Most are clustered where we would expect them, but there are a few at higher values of distance.  This will be shown to be more of a problem as we go on.

#### Uncertainty on distance
Computing the uncertainty is difficult and computationalls intensive if you have a lot of sources with f>0.1 or so.  See the jupyter notebook tutorial "Computing distance with Gaia parallaxes tutorial" for a detailed discussion of how to do it properly, and why it fails for large values of f.  So for now, I will just import a file for which this has already been done on these sources and proceed from there.

In [10]:
master=pd.read_csv('Nearest_1M_stars.csv')

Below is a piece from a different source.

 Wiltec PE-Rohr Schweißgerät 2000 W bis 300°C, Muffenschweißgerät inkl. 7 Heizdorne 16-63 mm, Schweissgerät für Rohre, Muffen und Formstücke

### Properties of this sample:

Let's look at a plot of these objects on the sky:

In [4]:
import astropy.coordinates as coord
pl = coord.Angle(master['l'].values*u.degree)
pl = pl.wrap_at(180*u.degree)
pb = coord.Angle(master['b'].values*u.degree)

%matplotlib notebook
fig = plt.figure(figsize=(8,6))
ax = fig.add_subplot(111, projection="mollweide")
hb = ax.hexbin(pl.radian, pb.radian,gridsize=500,cmap='inferno',bins='log',mincnt=1)
#ax.scatter(pra.radian, pdec.radian,alpha=0.2,color='blue',s=5)
#ax.set_xticklabels(['14h','16h','18h','20h','22h','0h','2h','4h','6h','8h','10h'])
ax.set_title('Nearest 1M stars in Galactic coords projection\n')
ax.tick_params(axis='x', colors='grey')
cb = fig.colorbar(hb, ax=ax,orientation="horizontal", pad=0.1)
cb.set_label('log10(count)')
ax.grid(True)
plt.show()


<IPython.core.display.Javascript object>

This looks really pretty.  But... it's supposed to be the nearest 1M stars.  We should not be seeing the Galactic center and the LMC/SMC, those are much further away than 150 pc or so.  This is a problem.  It should look like a nearly constant density in all directions.

If we drop sources from the sample with high values of f (low values of parallax_over_error), lets see what we get:

In [6]:
import astropy.coordinates as coord
# Drop sources with f>0.025
o=master.drop(np.where(master['parallax_over_error'].values<40)[0],axis=0)
o=o.reset_index()
o = o.drop(['index'], axis=1)

pl = coord.Angle(o['l'].values*u.degree)
pl = pl.wrap_at(180*u.degree)
pb = coord.Angle(o['b'].values*u.degree)

%matplotlib notebook
fig = plt.figure(figsize=(8,6))
ax = fig.add_subplot(111, projection="mollweide")
hb = ax.hexbin(pl.radian, pb.radian,gridsize=500,cmap='inferno',bins='log',mincnt=1)
#ax.scatter(pra.radian, pdec.radian,alpha=0.2,color='blue',s=5)
#ax.set_xticklabels(['14h','16h','18h','20h','22h','0h','2h','4h','6h','8h','10h'])
ax.set_title('Nearest 1M stars in Galactic coords projection\n')
ax.tick_params(axis='x', colors='grey')
cb = fig.colorbar(hb, ax=ax,orientation="horizontal", pad=0.1)
cb.set_label('log10(count)')
ax.grid(True)
plt.show()
plt.savefig('nearest_1M_gal_mollweide_highqualitycut.jpg')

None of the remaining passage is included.